- [Supplied entries]
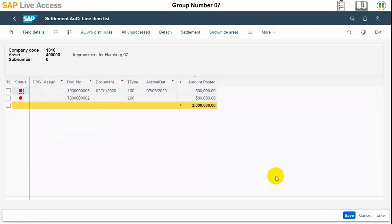Once it is executed, we can choose line number 1 and choose enter at the bottom right of the screen. You can see there is an enter button there. We need to choose line number 1 here.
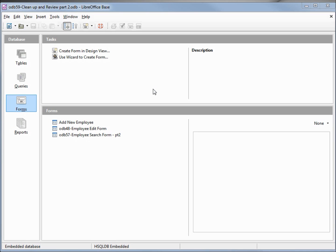I've made a copy of ODB 58 and I'm calling this one ODB 59 cleanup and review part 2. In part 1 we made an insert form. Now let's look at the search for employee form.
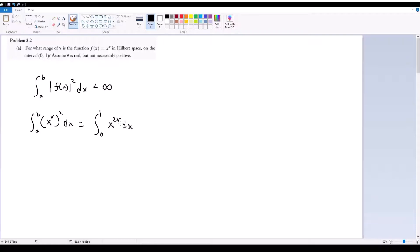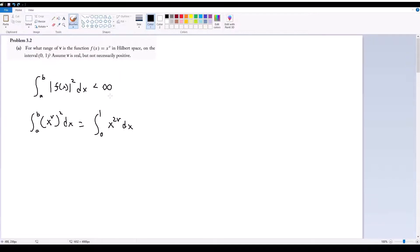If we want to integrate this, there are two possibilities here, because remember v is real — all real numbers, negative and positive — assuming v is real but not necessarily positive. If that's the case, this can equal two different things.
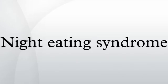Night eating syndrome is an eating disorder characterized by a delayed circadian pattern of food intake.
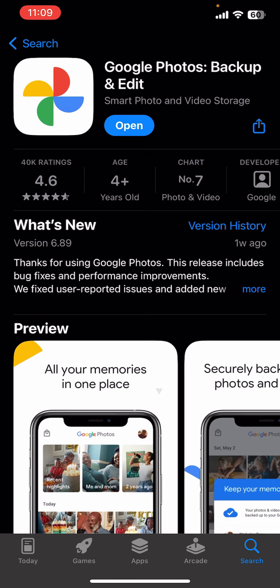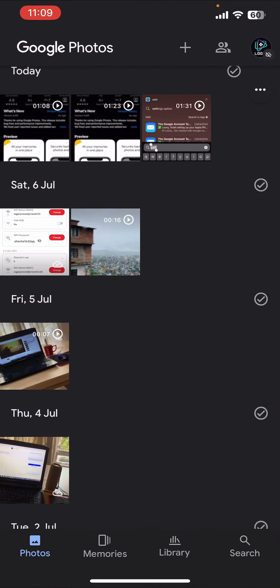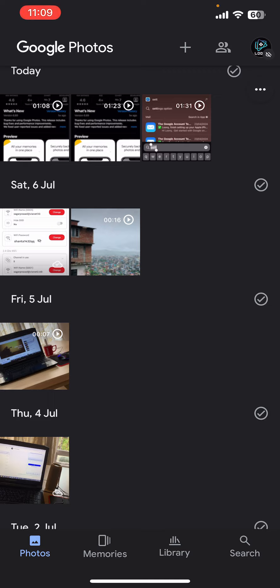First thing first, I assume that you have already downloaded the Google Photos app. Now once you open it, make sure you are already logged in. Right after that, you will be able to see the interface or dashboard of the Google Photos app on the screen where you can see lots of photos in this section. To save it, you simply need to long tap on any of these photos.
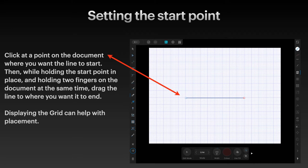Of course, you can draw a straight line without your fingers on the screen, but you could end up going off in a different direction. So to get it absolutely horizontal, put your pen on the screen, hold two fingers on the screen, and then drag the line to the right.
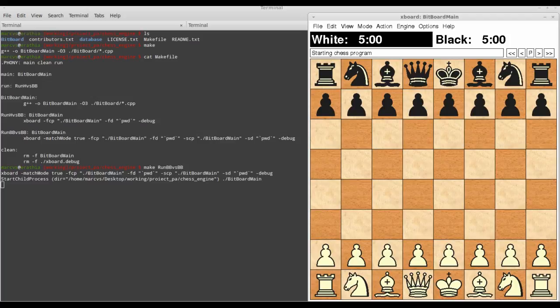Because of reasons related to loading the database of chess openings, the processes take a bit to load, but they should start very soon.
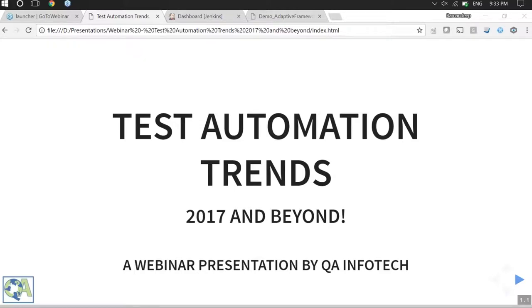Hello everyone, this is Chandan Sharma from QN4Tech anchoring today's webinar and supporting the event logistically. On behalf of QN4Tech, I would first like to thank and welcome you all to this web event on Test Automation Trends 2017 and beyond.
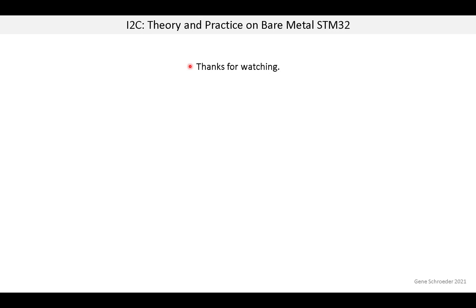That's it for the introduction. In the first lesson we will look at I2C theory of operation. Thanks for watching.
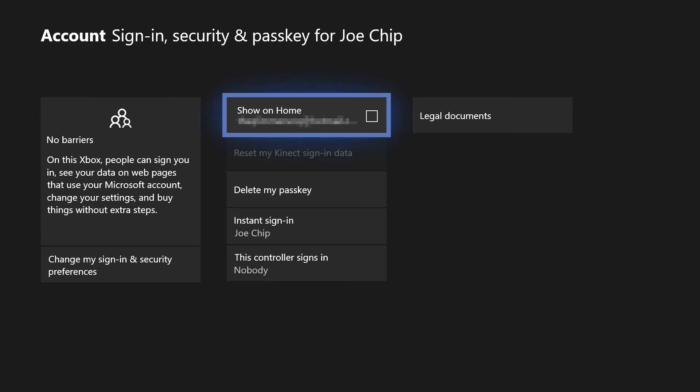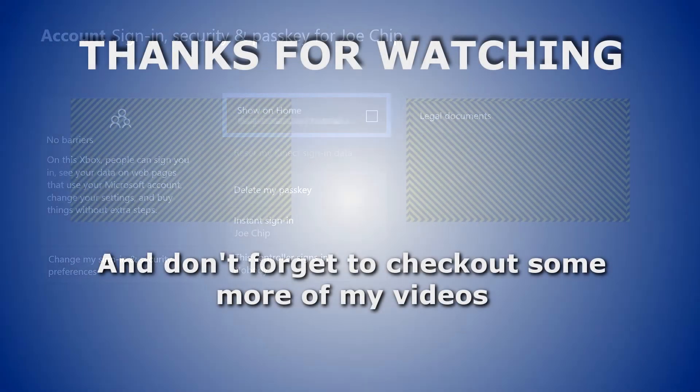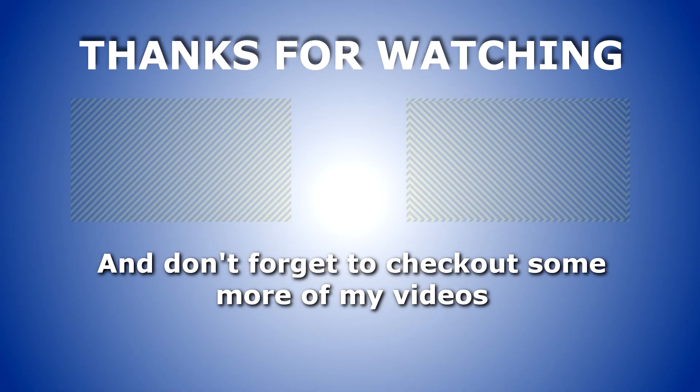So that's it, basically. No more to it than that. Bit of a pain that they set it to show your email address as a default, but it's easy to sort out. Hopefully they'll make it so that it defaults to not showing the email address, and then people won't have to go through a lot of rigmarole to try and find out what's going on. But in the meantime, that should solve your problem. I'll speak to you in the next one. Bye.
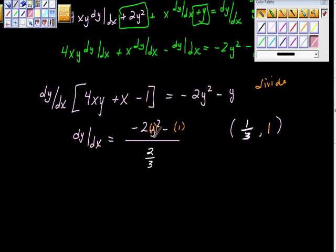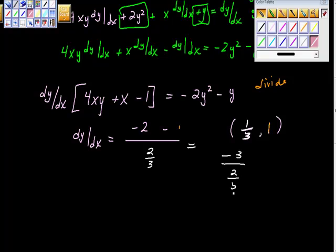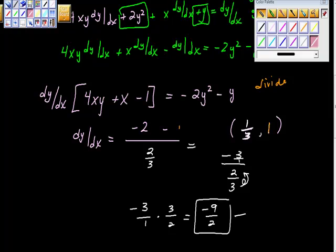So dy/dx equals negative 3 divided by 2/3. Since this is a complex fraction, we multiply by the reciprocal: negative 3 over 1 times 3/2 equals negative 9/2. So the slope at y equals 1 is negative 9/2. That was a lot — good work!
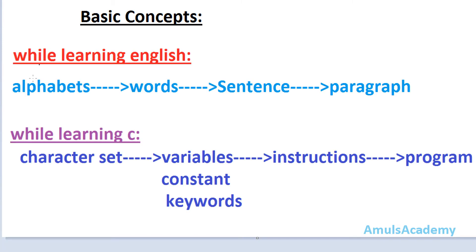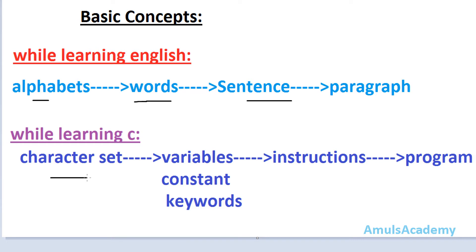To write and understand programs in any programming language, first we need to learn the basic concepts. For example, if you are learning English, first you learn the alphabets, then using those alphabets you form words, then sentences, then paragraphs. In the same way, while learning C, we need to follow this process — first we need to understand the character set, that is which characters can be used in our program.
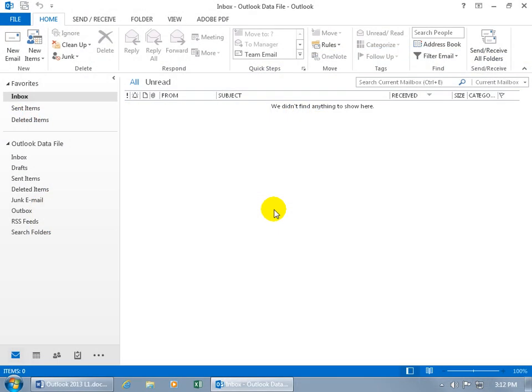So when you open up Outlook 2013 for the first time, this is going to be your overview, especially if you configured an email account, you'll get an inbox.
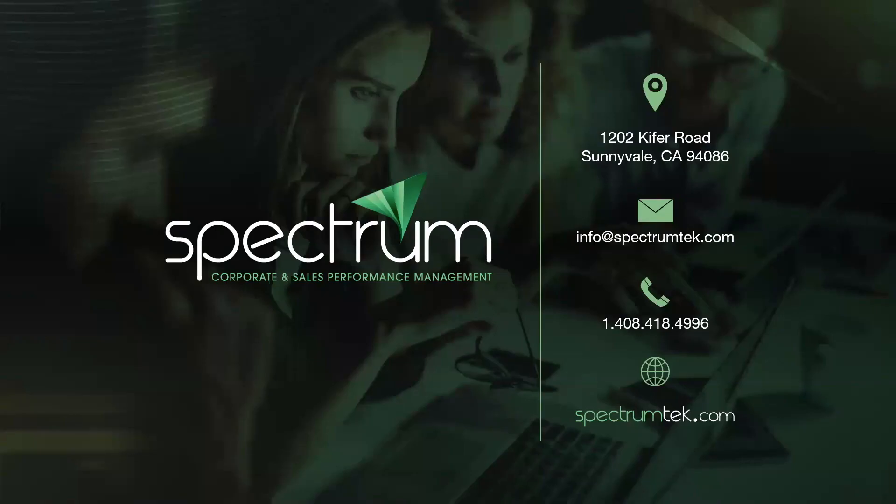Hope you found our tutorial helpful. If you'd like to learn more about any of the other SAP commissions related topics, you can do so by visiting our YouTube channel. Thank you.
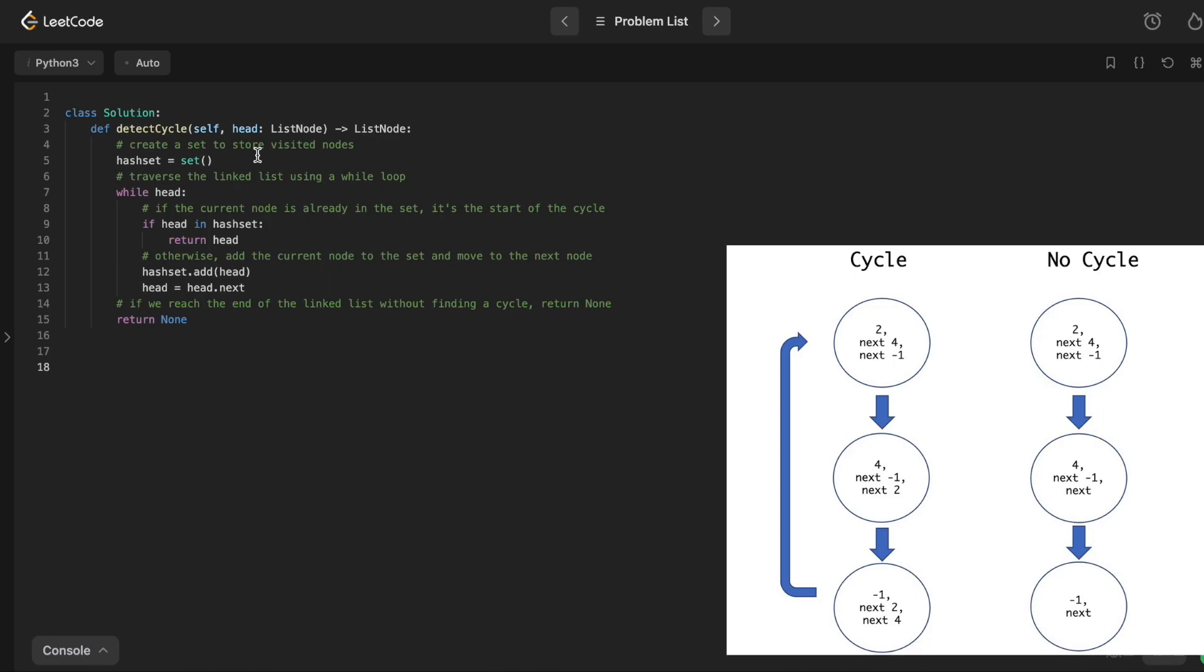So yeah, this is still running at 90, faster than 90% of solutions. It's pretty inside the box if you think about it. If you get to a point where you're moving forward and there is no node, then it just returns none because that's the case where there is no cycle.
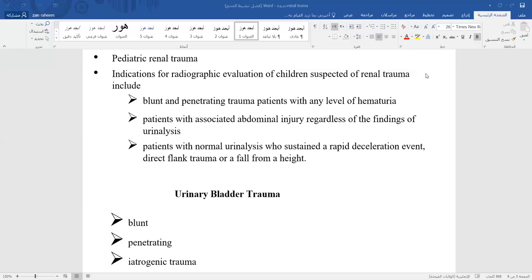Complications of ureteral repair include urinoma, urine leak, infection, sepsis, hydronephrosis, and ureteral fibrosis.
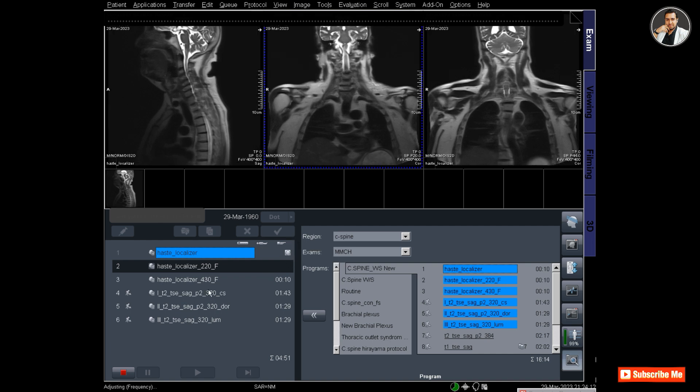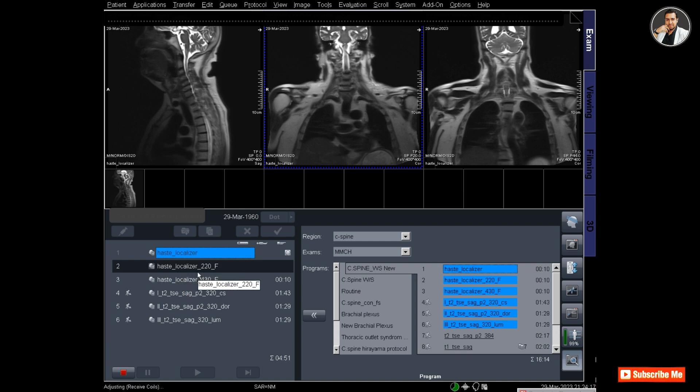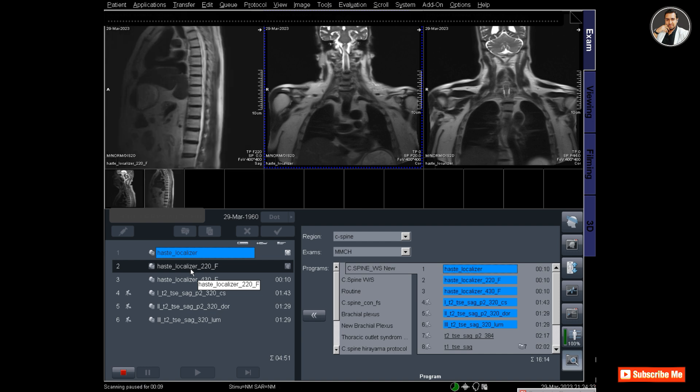Now the dorsal spine localizer is running. This Whole Spine software will make the composing automatically, but sometimes in older software it needs to compose the Whole Spine manually using the composing app.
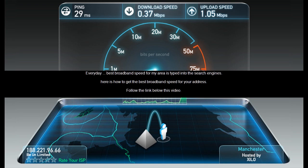Every day, 'best broadband speed for my area' is typed into search engines. Here is how to get the best broadband speed for your address. Follow the link below this video.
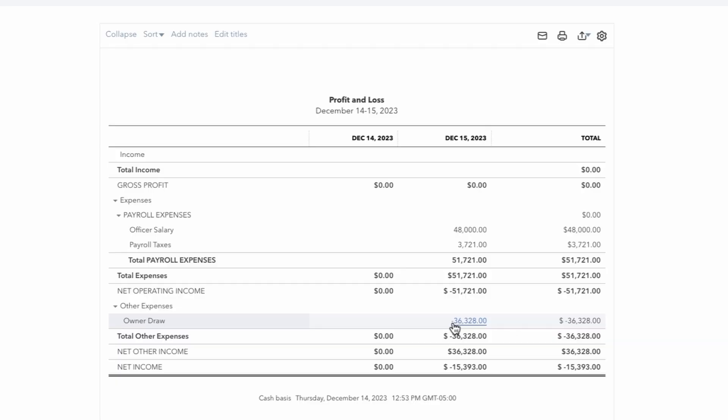I like doing it that way. But this negative $36,328 would be offsetting the equity account where the Draws have accumulated throughout the year. So that's how you journal in the paycheck without actually giving yourself a net paycheck in QuickBooks.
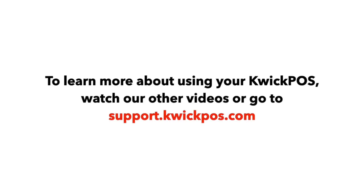To learn more about using your Quick POS, watch our other videos or go to support.quickpos.com.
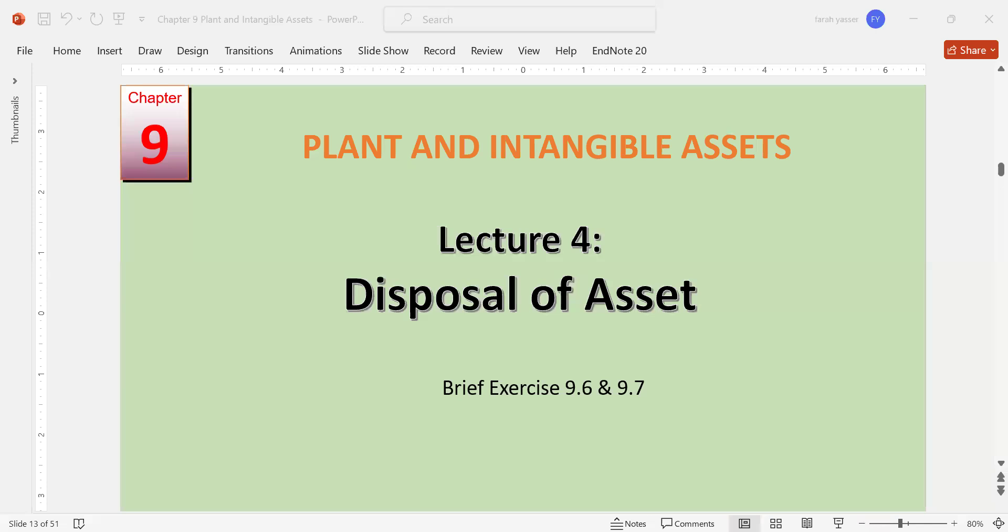Today we are going to discuss the disposal of assets. In this lecture, we will cover how to calculate any gain or loss that occurs when an asset is disposed of, and how to properly record this in the general journal form.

- [Aim of the task] Above are some records; extract exactly the lines from the one containing "Night eating syndrome" through the one containing "Of course, you" and drop the pictures.

- [Written answer]
Night eating syndrome is an eating disorder characterized by a delayed circadian pattern of food intake.
First thing first, I assume that you have already downloaded the Google Photos app. Now once you open it, make sure you are already logged in. Right after that, you will be able to see the interface or dashboard of the Google Photos app on the screen where you can see lots of photos in this section. To save it, you simply need to long tap on any of these photos.
Of course, you can draw a straight line without your fingers on the screen, but you could end up going off in a different direction. So to get it absolutely horizontal, put your pen on the screen, hold two fingers on the screen, and then drag the line to the right.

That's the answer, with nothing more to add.